BRIEF SUMMARY OF THE INVENTION 
Computer systems may be organized with a plurality of processors operating 
concurrently in parallel. In such systems, the several processors operate 
quasi independently, but from time to time need to transfer information 
between processors or between a processor and other system components such 
as input-output devices. In order to effect these information transfers, 
an intercommunication bus is provided connecting to the processors and to 
other system component, the bus being capable of transferring information 
from any user to any other. Such a bus is very flexible in its operation, 
but it is necessary to have some procedure to assure orderly use of the 
intercommunication bus. This invention relates to controlling access to an 
intercommunication bus shared by several users so as to provide orderly 
use of the bus by a plurality of users. 
The invention features a multi-channel arbitration bus with each user 
associated with a distinct channel thereof and a priority record for each 
user indicating current priority status of the associated user against 
each other user. A contention interval and a use-signal interval are 
defined by a state machine associated with each user. During the 
contention interval each user then seeking to use the intercommunication 
bus bids for use of it by transmitting a bus request signal. Each user 
makes an analysis of the bus request signals to ascertain if it has a 
dominating priority for use of the intercommunication bus for a 
transaction and access is granted accordingly. During the use-signal 
interval a user then using the intercommunication bus transmits an in-use 
signal. The in-use signal is used by each user to up-date its priority 
record with the effect of giving the last using user a priority 
subordinate to all others for the next bidding to initiate a transaction. 
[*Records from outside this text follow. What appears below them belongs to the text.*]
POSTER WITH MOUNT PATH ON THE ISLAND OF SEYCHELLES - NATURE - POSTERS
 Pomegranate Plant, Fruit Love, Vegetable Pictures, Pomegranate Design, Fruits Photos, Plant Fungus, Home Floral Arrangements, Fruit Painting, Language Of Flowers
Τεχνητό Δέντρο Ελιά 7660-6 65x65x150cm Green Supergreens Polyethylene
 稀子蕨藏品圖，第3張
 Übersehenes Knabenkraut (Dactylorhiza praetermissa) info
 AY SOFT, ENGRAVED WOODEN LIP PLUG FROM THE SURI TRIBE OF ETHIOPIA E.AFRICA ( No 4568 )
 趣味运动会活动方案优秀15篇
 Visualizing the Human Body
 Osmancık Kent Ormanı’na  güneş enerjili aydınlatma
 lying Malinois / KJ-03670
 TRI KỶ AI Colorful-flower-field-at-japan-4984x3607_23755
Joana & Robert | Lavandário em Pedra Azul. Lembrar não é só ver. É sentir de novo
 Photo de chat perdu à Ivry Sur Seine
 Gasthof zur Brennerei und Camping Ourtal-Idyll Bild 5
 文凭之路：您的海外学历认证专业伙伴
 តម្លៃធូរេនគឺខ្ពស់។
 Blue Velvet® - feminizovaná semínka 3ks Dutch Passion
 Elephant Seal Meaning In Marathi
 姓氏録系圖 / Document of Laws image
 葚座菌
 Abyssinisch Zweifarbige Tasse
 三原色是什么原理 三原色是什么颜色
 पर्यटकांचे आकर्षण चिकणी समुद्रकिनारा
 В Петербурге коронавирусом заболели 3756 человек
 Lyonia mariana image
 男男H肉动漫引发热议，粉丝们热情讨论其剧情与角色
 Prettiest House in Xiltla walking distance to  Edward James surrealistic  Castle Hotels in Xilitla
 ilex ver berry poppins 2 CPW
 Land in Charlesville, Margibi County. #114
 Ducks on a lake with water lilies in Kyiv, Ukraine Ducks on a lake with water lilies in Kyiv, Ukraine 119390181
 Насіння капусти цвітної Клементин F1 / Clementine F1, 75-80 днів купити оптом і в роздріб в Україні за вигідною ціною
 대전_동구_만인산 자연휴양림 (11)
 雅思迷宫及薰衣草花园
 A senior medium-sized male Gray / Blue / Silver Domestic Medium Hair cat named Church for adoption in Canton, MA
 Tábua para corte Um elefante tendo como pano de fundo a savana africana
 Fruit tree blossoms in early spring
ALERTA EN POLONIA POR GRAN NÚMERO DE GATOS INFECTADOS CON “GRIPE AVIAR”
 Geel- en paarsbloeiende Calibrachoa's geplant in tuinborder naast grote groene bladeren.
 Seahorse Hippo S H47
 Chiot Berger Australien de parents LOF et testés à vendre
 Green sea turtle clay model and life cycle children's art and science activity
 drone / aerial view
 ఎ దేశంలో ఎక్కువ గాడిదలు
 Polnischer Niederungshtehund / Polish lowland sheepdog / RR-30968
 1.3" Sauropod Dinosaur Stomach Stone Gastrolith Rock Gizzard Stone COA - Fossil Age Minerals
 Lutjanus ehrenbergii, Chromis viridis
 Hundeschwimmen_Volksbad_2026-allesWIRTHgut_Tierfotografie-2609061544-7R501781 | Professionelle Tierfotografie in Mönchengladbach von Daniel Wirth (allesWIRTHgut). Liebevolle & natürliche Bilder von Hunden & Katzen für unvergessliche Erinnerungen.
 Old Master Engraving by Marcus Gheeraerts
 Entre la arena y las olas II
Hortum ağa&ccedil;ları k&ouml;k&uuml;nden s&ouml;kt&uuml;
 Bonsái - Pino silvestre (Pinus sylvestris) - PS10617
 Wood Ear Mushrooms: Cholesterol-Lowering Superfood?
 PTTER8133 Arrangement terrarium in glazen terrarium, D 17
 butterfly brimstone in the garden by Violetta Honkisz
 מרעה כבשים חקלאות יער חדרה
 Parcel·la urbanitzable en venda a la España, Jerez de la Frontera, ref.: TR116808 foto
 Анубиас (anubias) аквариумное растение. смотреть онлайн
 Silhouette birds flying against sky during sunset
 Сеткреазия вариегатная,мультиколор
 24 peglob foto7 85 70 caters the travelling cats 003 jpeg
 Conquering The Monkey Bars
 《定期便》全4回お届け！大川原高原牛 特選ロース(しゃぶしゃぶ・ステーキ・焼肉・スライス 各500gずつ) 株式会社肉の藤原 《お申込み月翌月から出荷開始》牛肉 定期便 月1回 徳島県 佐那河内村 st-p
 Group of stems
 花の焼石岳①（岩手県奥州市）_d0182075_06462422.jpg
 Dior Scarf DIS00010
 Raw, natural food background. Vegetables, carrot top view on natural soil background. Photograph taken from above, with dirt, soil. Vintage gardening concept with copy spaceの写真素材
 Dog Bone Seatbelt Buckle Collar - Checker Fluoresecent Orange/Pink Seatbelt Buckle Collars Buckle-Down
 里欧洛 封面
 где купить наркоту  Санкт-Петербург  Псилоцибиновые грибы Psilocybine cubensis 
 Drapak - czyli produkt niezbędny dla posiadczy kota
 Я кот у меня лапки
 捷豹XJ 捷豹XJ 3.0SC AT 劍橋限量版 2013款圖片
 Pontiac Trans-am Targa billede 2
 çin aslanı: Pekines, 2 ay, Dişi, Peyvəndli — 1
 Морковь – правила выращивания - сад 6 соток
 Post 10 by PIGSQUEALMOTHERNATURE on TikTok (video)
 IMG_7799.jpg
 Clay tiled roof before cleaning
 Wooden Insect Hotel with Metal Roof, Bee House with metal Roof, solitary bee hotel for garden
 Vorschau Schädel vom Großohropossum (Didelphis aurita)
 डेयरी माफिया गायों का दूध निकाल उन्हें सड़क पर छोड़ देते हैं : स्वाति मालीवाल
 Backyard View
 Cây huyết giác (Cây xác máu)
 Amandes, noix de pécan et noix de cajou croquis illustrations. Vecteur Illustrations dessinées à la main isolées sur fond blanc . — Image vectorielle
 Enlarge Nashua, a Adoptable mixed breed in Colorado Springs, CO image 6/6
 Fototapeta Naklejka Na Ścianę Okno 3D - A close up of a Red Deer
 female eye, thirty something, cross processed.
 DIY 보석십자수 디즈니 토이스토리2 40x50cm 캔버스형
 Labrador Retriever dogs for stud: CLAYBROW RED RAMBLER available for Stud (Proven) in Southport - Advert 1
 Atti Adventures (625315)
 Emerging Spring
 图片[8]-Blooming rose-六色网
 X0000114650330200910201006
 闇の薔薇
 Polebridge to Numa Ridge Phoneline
For transactions which require a response from some system user other than 
the one initiating the transaction, a second round of bidding is conducted 
to determine whether any user is qualified to respond and if so which will 
be enabled to do so. When the response bidding shows no bidders the system 
immediately initiates bidding for a new transaction; when there are one or 
more qualified responders, one is selected and enabled to respond.

DETAILED DESCRIPTION 
With reference to the Figures, access control system 10 according to the 
invention controls use of intercommunication bus 14 by processor users 12, 
13, and i/o device 16. Information is transferred on the 
intercommunication bus in predefined related sequential or parallel 
operations denominated a transaction. There may be several types of 
transaction with distinct operations such as reading or writing to the 
cache memory of another processor, acknowledgement of interrupts, and 
reading or writing to input-output devices. Certain transactions, notably 
interrupt acknowledge and memory read, are initiated by one user and 
require a response from another user. 
Access control system 10 as shown particularly in FIG. 1, includes 
arbitration bus 21, having n channels, control bus 22, and bus system 
clock 23. Bus system clock generates and propagates to all bus users 
timing signals which define definite time increments which synchronize the 
whole bus system. The clock propagates to all bus stations a primary 
periodic signal (the A clock) the rising edge thereof defining the start 
of a new time increment. The clock also propagates a secondary signal (the 
B clock) phase shifted from the A clock, the rising edge of which defines 
a time towards the end of the each time increment. The B clock is 
generally used to admit signals into latches after propagation transients 
have subsided. The clock signals are diagramed in FIG. 5. 
Representative user 12 is connected to associated access controller 17 by 
bus request line 19, by response ready line 50, by grant line 20 and by 
response enable line 51, and to intercommunication bus 14, control bus 22, 
and bus system clock 23. Access controller 17 is connected directly to 
control bus 22 and bus system clock 23, and through interconnect key 24 to 
arbitration bus 21. User 12, together with its access controller 17 is 
connected to interconnect key 24, initialize key 38 and intercommunication 
bus 14 through standard port 47. User 13 and further users including i/o 
device 16, are connected as is user 12. 
Access controller 17 includes transmit line 25, (n-1) monitoring lines 26, 
control circuitry 27, drive circuitry 28, priority state store 29, 
arbitration logic 30, access grant circuitry 31 with grant latch 37, 
up-date circuitry 32, no-bid circuitry 33, initialize gate 39 and up-date 
gate 34, interconnected as shown in FIG. 2. 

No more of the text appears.